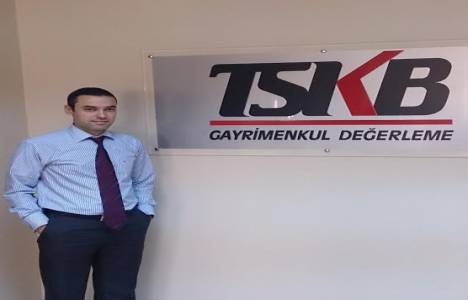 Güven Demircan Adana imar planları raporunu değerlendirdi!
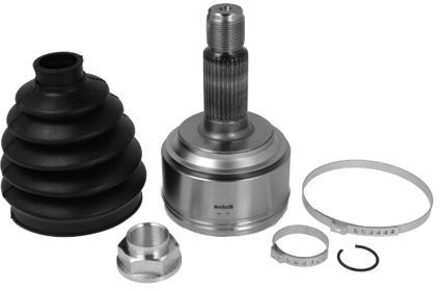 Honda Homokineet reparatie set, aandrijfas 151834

++++

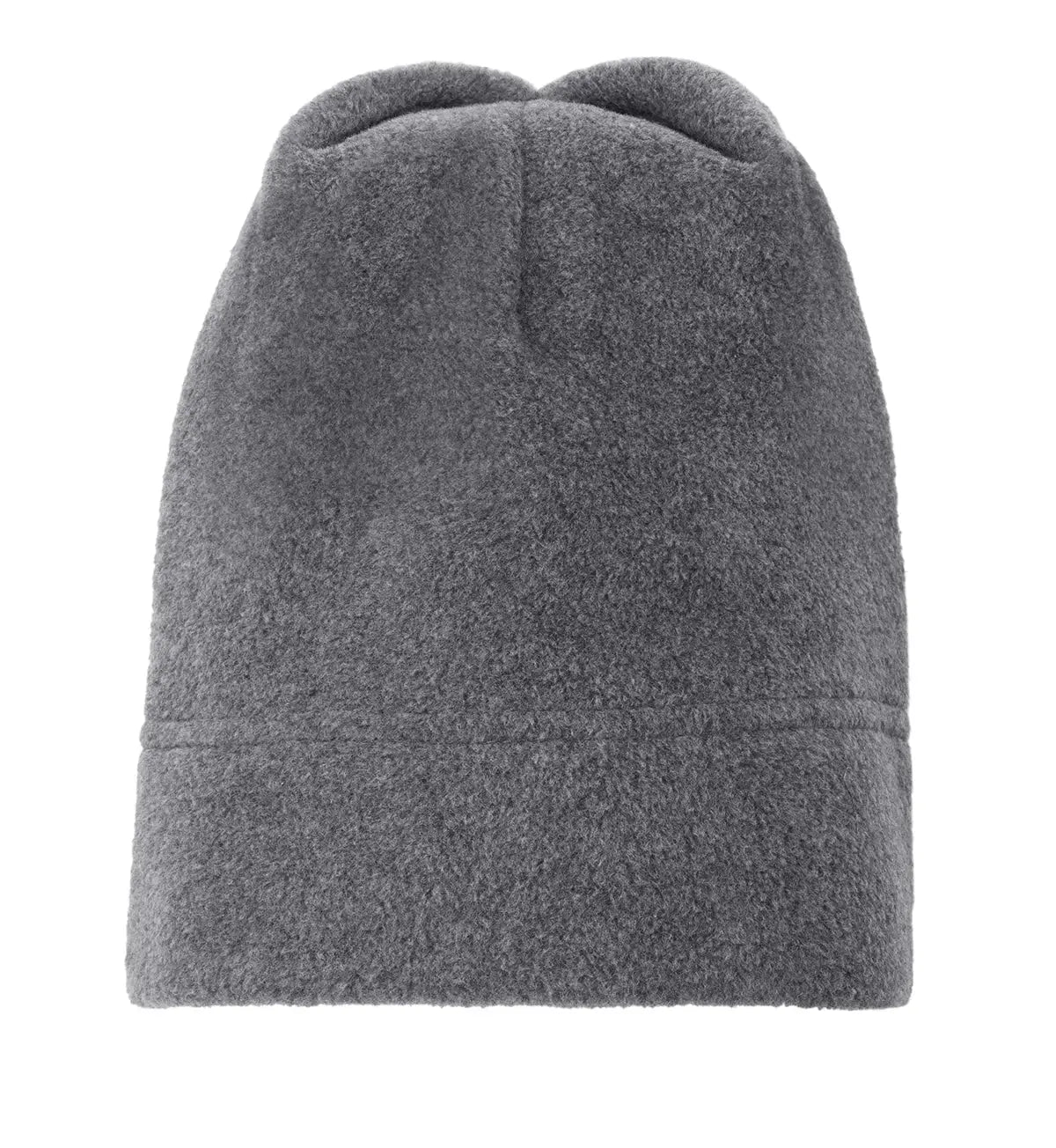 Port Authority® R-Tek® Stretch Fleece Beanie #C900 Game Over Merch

++++

TASK REQUIREMENTS: The data above holds the lines to copy: start at the one with "Güven Demircan Adana", stop at the one with "Honda Homokineet reparatie", include both, copy them exactly without pictures, and copy nothing else.

ANSWER AREA:
 Güven Demircan Adana imar planları raporunu değerlendirdi!
 Honda Homokineet reparatie set, aandrijfas 151834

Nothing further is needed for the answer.